▼

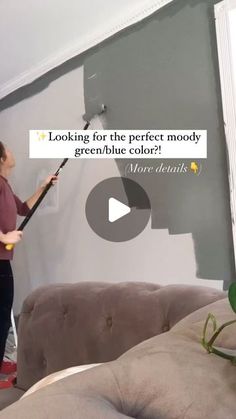 a woman is using a paint roller to paint the walls in her living room with grey and white colors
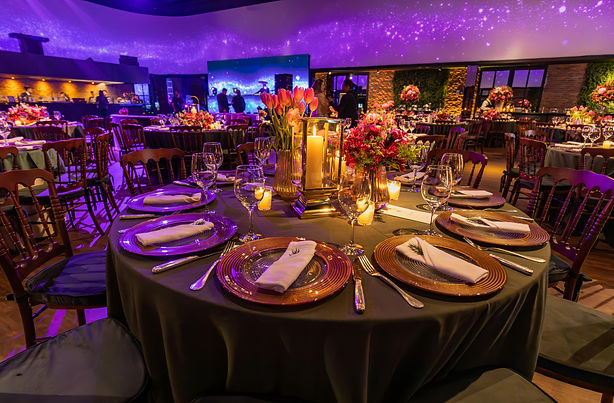 An elegant gala-style event with round tables set with gold chargers, folded white napkins, wine glasses, and floral centerpieces. The room is softly lit with purple ambient lighting, creating a sophisticated, celebratory atmosphere.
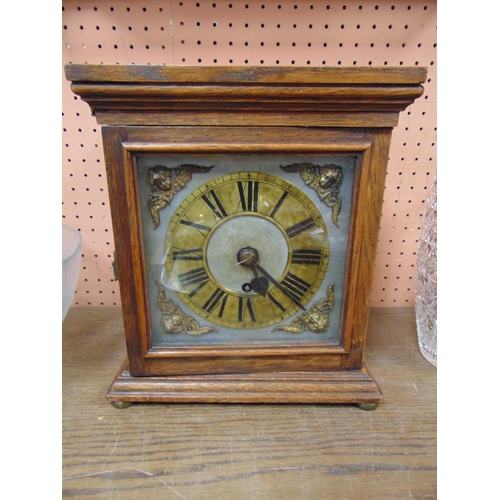 496 - Oak cased mantle clock, having brass dial and single fusee movement.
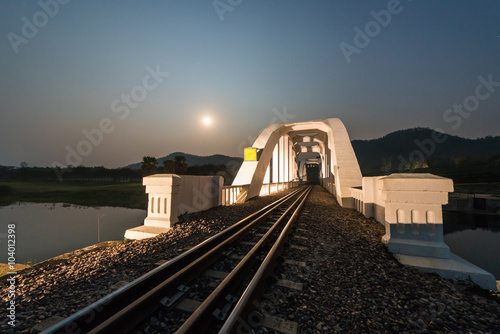 Old white railway bridge constructed against the moon in night a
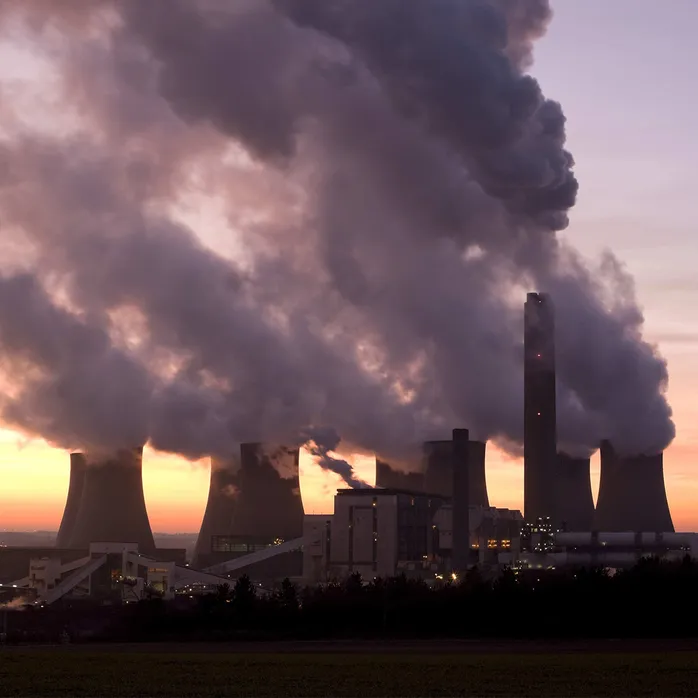 Coal power station with billowing steam coming out of the stacks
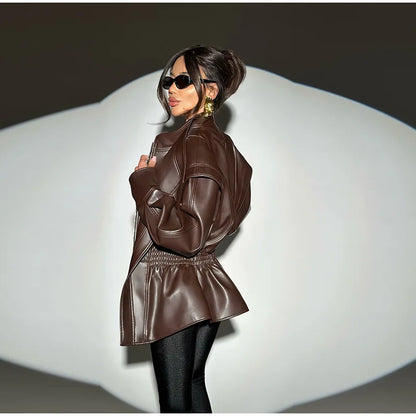 Woman wearing a brown leather jacket on a white background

▲

Print the entire listing precisely as written, omitting the images it holds.

Expected output —
 a woman is using a paint roller to paint the walls in her living room with grey and white colors
 An elegant gala-style event with round tables set with gold chargers, folded white napkins, wine glasses, and floral centerpieces. The room is softly lit with purple ambient lighting, creating a sophisticated, celebratory atmosphere.
 496 - Oak cased mantle clock, having brass dial and single fusee movement.
 Old white railway bridge constructed against the moon in night a
 Coal power station with billowing steam coming out of the stacks
 Woman wearing a brown leather jacket on a white background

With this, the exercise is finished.